O kadar çok mesaj geldi ki size anlatamam.
Türkiye’nin önünde önemli bir mesele daha var artık...
O da kira meselesi...
Devletlerin ömründe iki, üç yılın hiçbir önemi yok.
Ama evini satmak, kiraya vermek ya da kendi evine geçmek isteyen insanlar için değil yıllar, aylar bile önemli.
Yargının mutlaka bu konuda daha hızlı, radikal kararlar alması gerekir.

Haberin Devamı


Atlas’ın futbol aşkı

OĞLUM Atlas bir futbol tutkunu... Hem oynuyor, hem izliyor, hem de yorumluyor.
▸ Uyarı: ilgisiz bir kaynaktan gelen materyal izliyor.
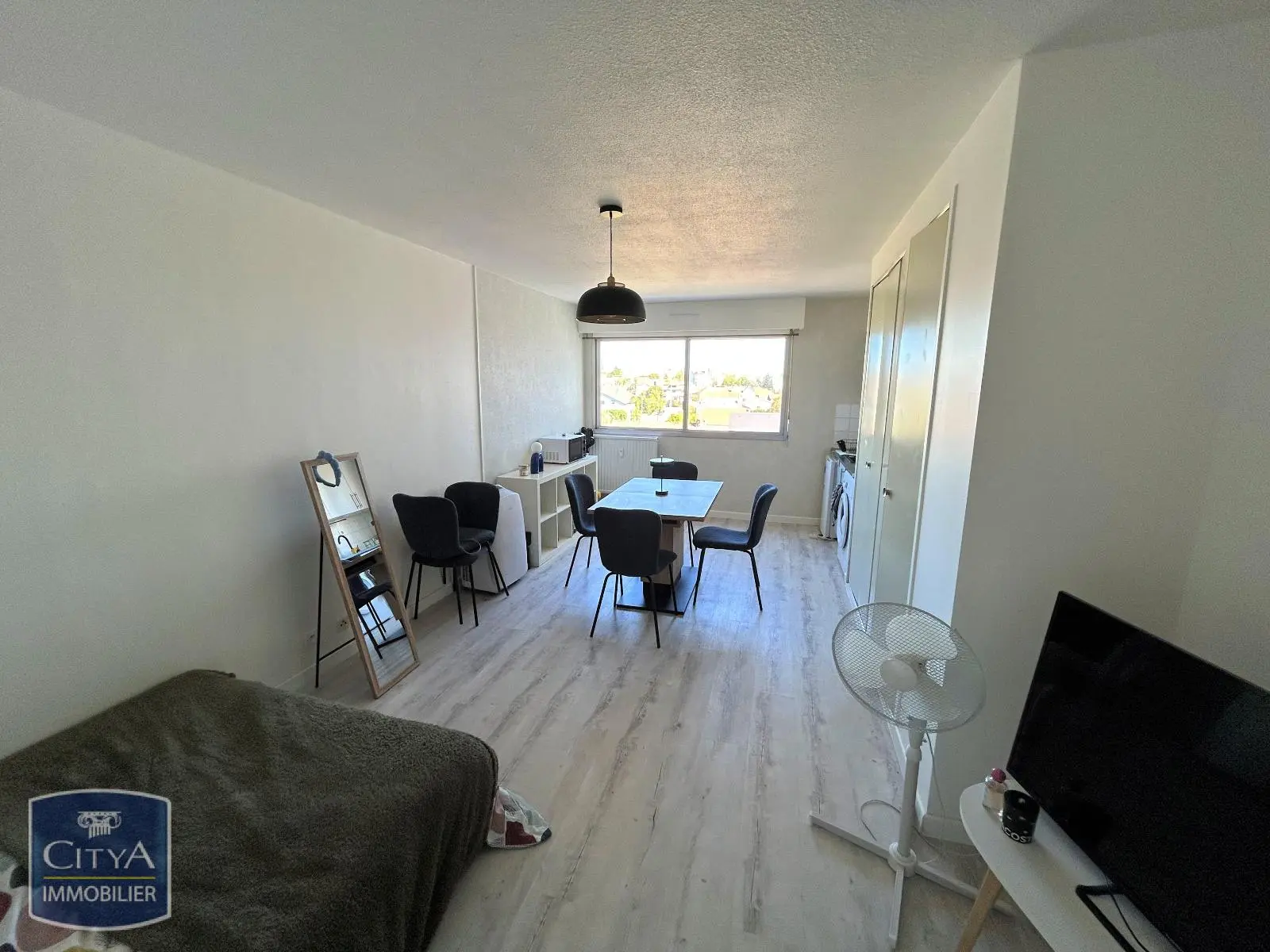 Photo 1 Appartement 1 pièce 29.67m²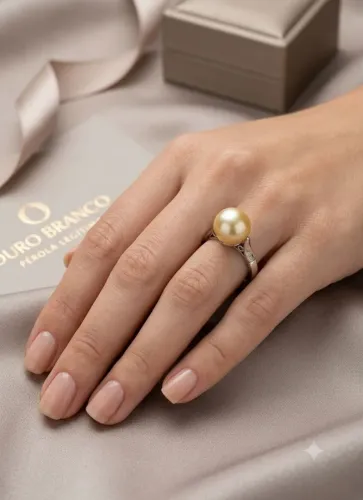 Jóia em ouro branco com pérola legítima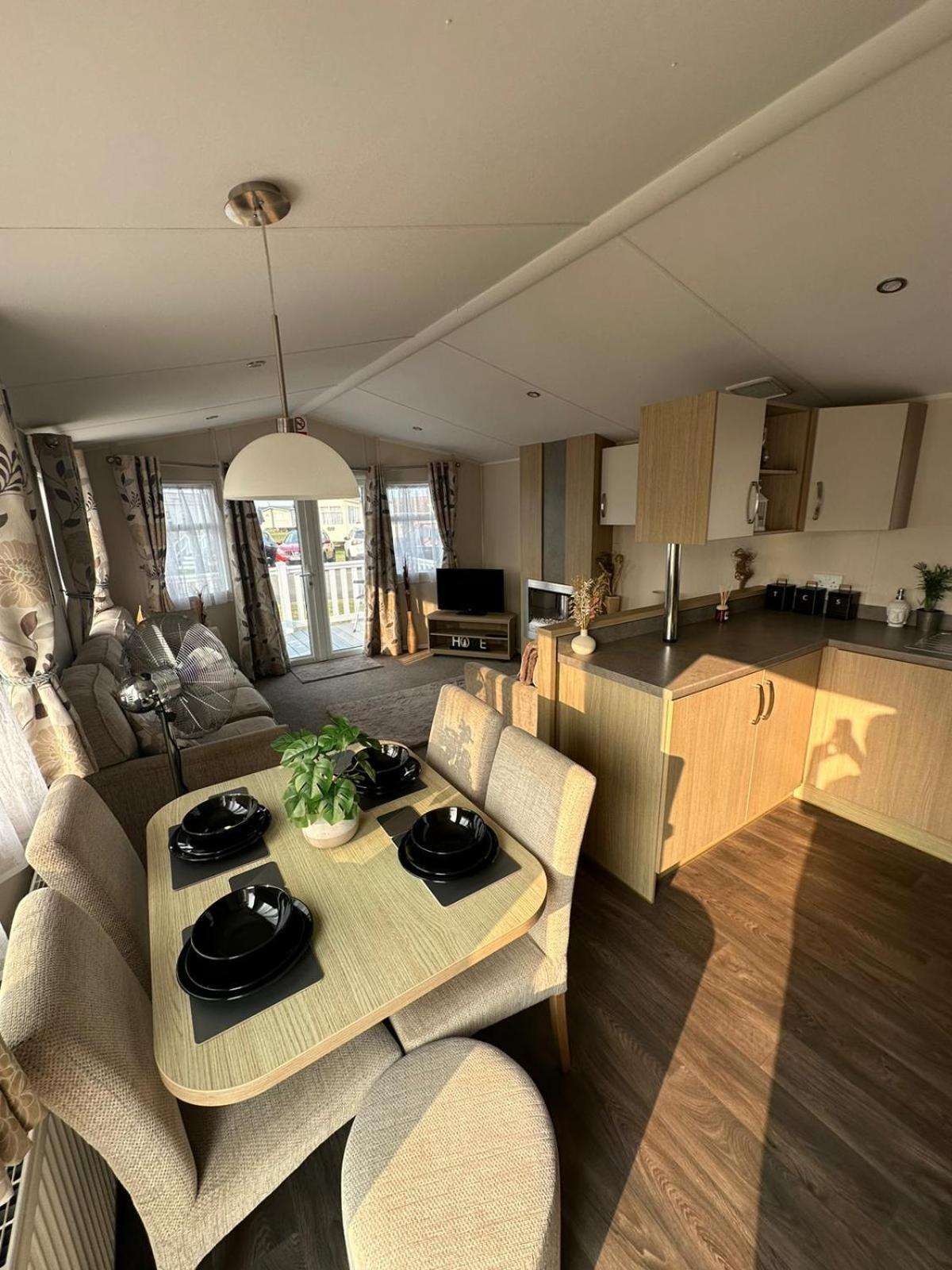 The Pixie Van Selsey Exterior photo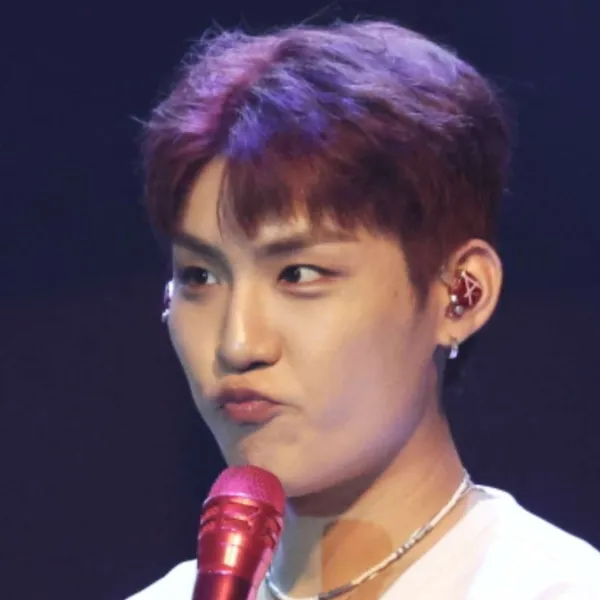 Fans' Pick: Best Moment of Park Woojin (AB6IX)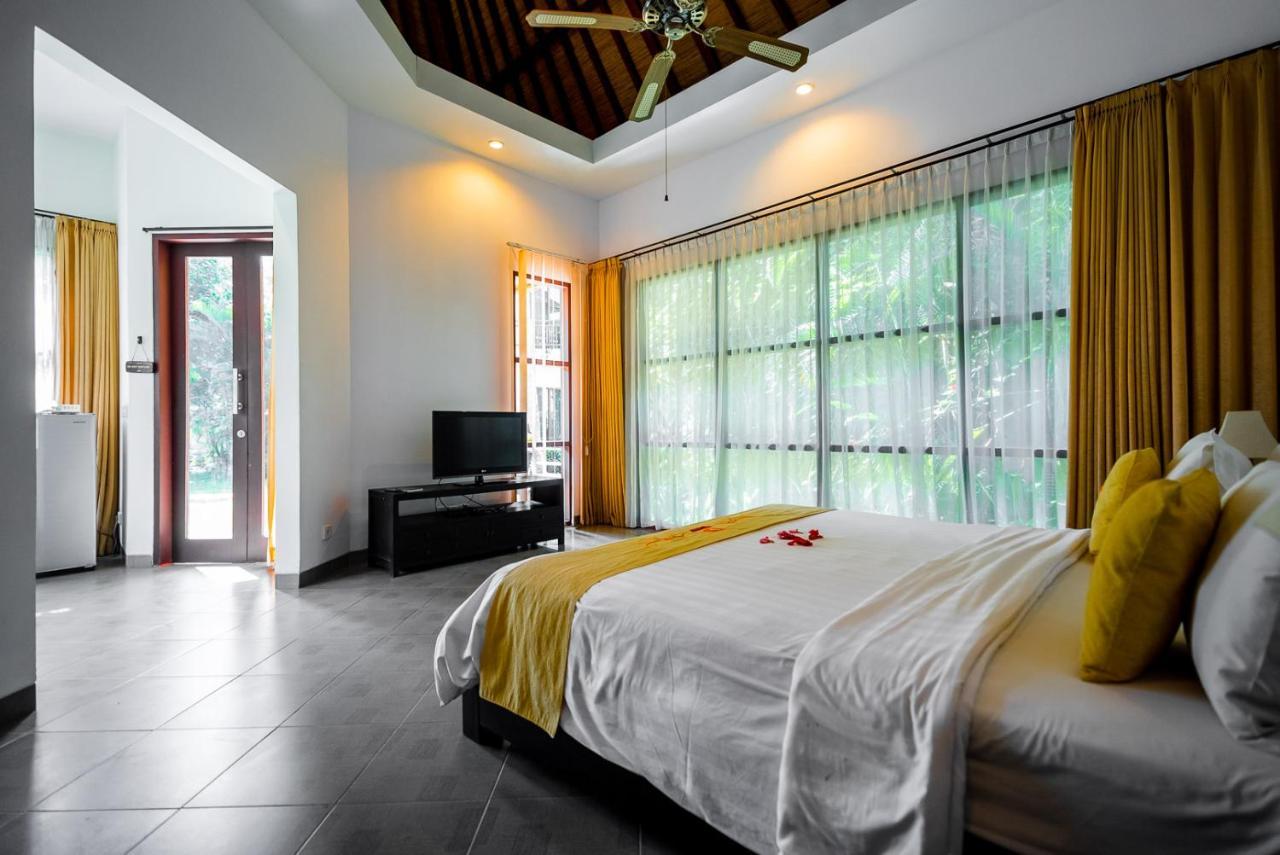 Orlowsky Discovery Candidasa Hotel Exterior photo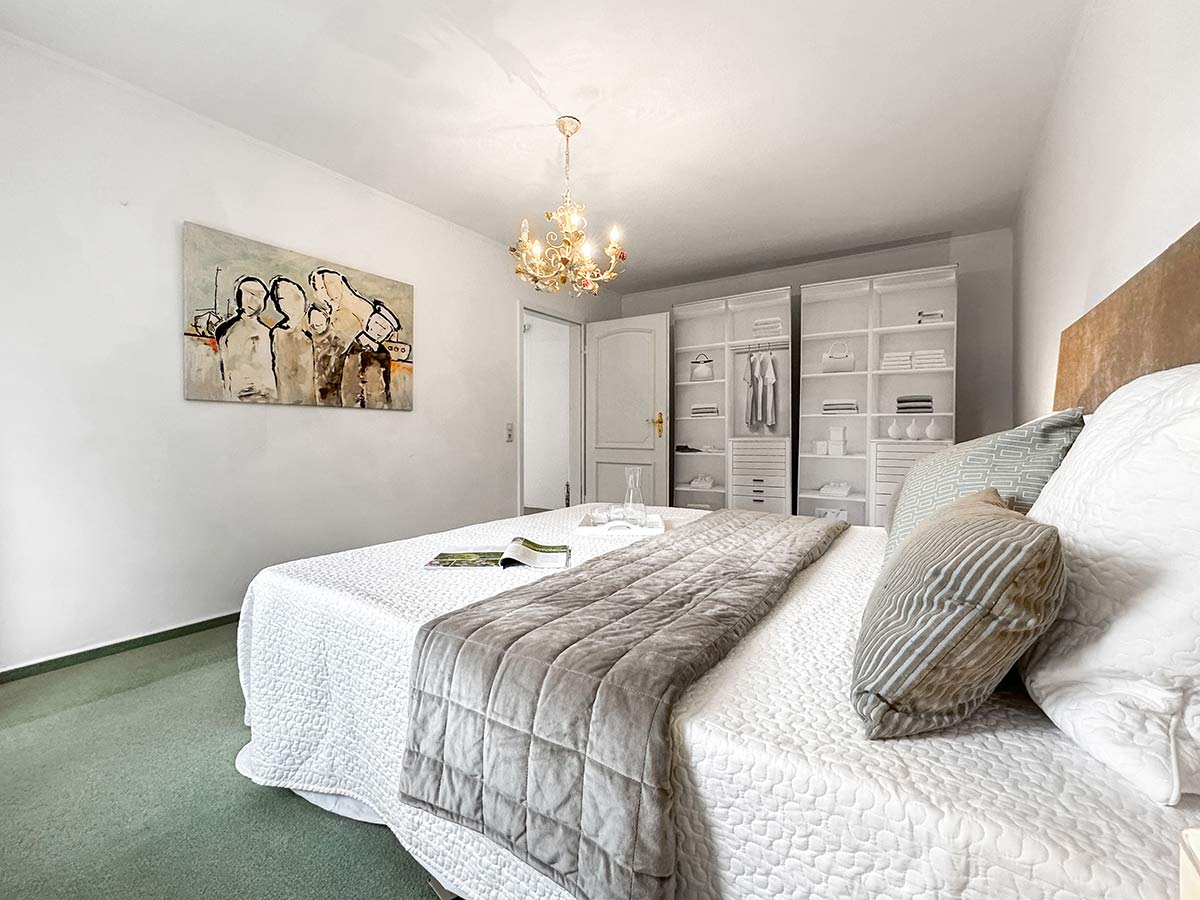 Schlafzimmer mit Home Staging in Henstedt Ulzburg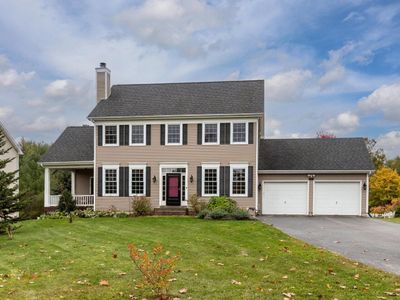 205 Cobblestone Circle, House other with 4 bedrooms, 2 bathrooms and null parking in South Burlington VT | Image 1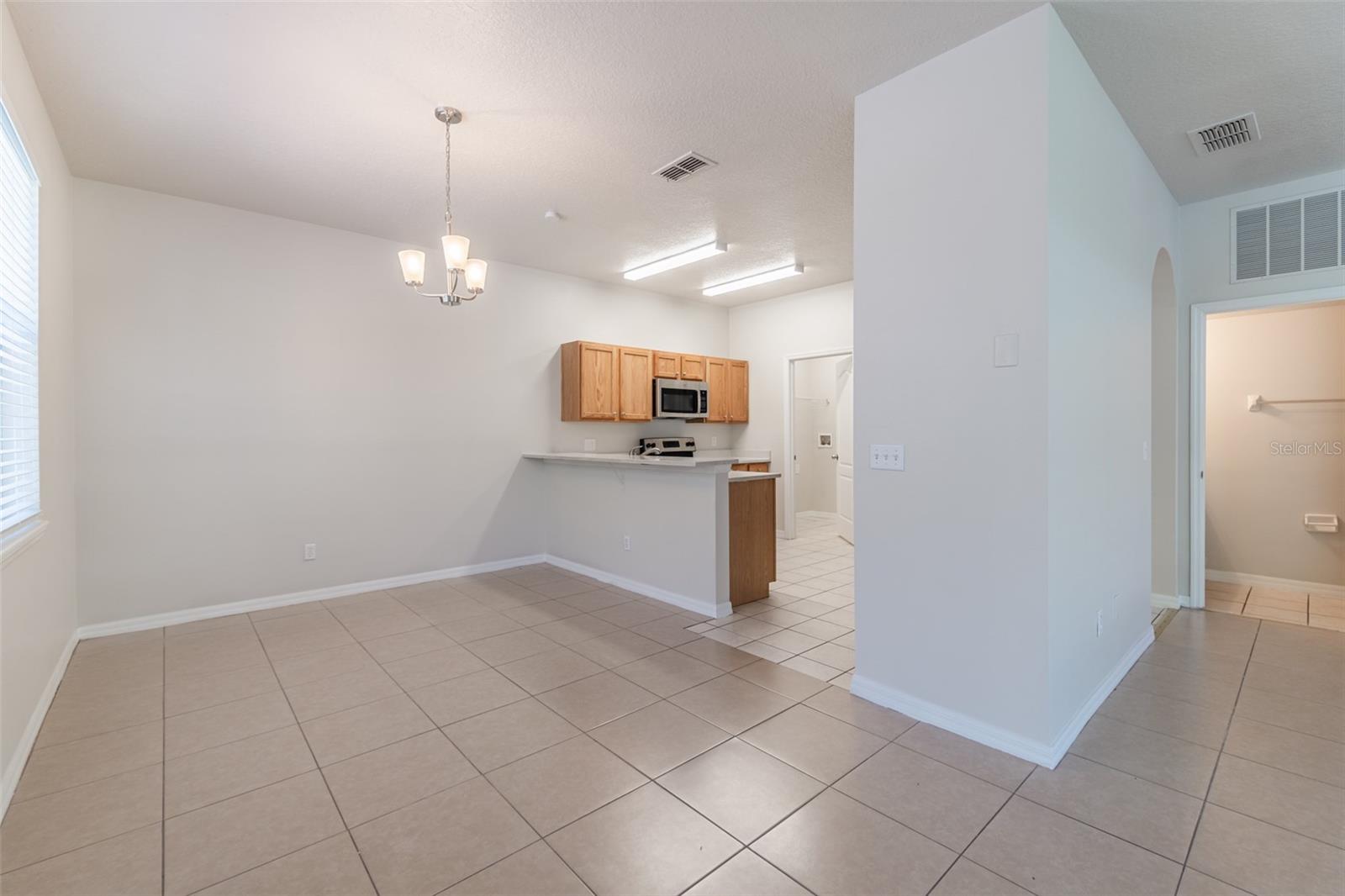Image 7 of 37 For 1129 Royal Ridge Drive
Daha 11 yaşında ve benim futbol bilgimden çok daha iyi... Ben tuttuğum takımların bile ilk 11’ini sayamıyorum; o bütün takımları ezbere biliyor ve analizler yapıyor. Arda Güler’in Real Madrid’e gitmesini hiç istemedi. Şimdi Ferdi Kadıoğlu’na gelen taleplerden endişeli... Ben de Ferdi’yi çok başarılı buluyorum ve bir süre daha Türkiye’de kalmasını istiyorum. Tabii böyle yıldızlar kolay yetişmiyor. Dünya devleri de kadrolarında görmek istiyor. Gelen teklifler ne kadar iyi olursa olsun Ferdi Kadıoğlu bu sene Fenerbahçe’de kalmalı.